**WORK REQUIRED**
Please set down exactly the lines of the listing below from the line containing "Promo Harga Energizer" through the line containing "14pcs A6 Zipper", both lines included, leaving out all other lines.

**SUPPLIED MATERIAL**

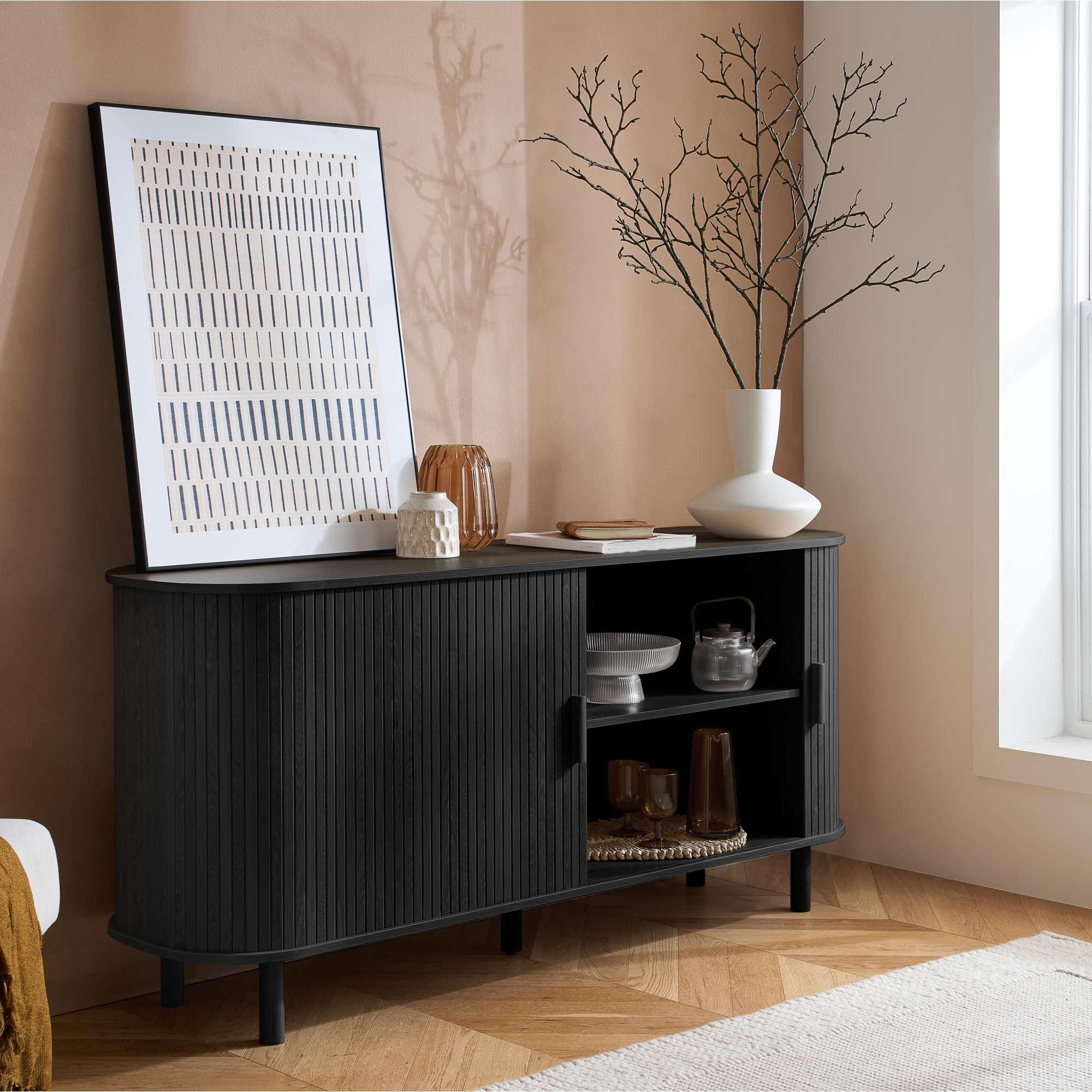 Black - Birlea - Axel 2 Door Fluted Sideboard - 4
--
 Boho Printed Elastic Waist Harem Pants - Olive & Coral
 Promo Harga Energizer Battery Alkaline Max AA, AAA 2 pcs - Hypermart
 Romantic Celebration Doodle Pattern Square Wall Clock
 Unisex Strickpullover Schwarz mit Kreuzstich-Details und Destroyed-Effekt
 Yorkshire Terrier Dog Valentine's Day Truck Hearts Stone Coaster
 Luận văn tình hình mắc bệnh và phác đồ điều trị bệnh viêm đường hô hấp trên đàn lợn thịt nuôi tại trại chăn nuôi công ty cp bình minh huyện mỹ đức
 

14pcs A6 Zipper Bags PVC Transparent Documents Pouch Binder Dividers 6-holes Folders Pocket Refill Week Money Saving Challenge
---
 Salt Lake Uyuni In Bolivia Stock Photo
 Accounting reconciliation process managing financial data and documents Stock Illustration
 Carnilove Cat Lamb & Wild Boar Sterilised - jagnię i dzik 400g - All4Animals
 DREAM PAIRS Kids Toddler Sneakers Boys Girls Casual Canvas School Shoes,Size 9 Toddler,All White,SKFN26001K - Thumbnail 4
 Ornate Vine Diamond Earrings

**TASK RESULT**
 Promo Harga Energizer Battery Alkaline Max AA, AAA 2 pcs - Hypermart
 Romantic Celebration Doodle Pattern Square Wall Clock
 Unisex Strickpullover Schwarz mit Kreuzstich-Details und Destroyed-Effekt
 Yorkshire Terrier Dog Valentine's Day Truck Hearts Stone Coaster
 Luận văn tình hình mắc bệnh và phác đồ điều trị bệnh viêm đường hô hấp trên đàn lợn thịt nuôi tại trại chăn nuôi công ty cp bình minh huyện mỹ đức
 

14pcs A6 Zipper Bags PVC Transparent Documents Pouch Binder Dividers 6-holes Folders Pocket Refill Week Money Saving Challenge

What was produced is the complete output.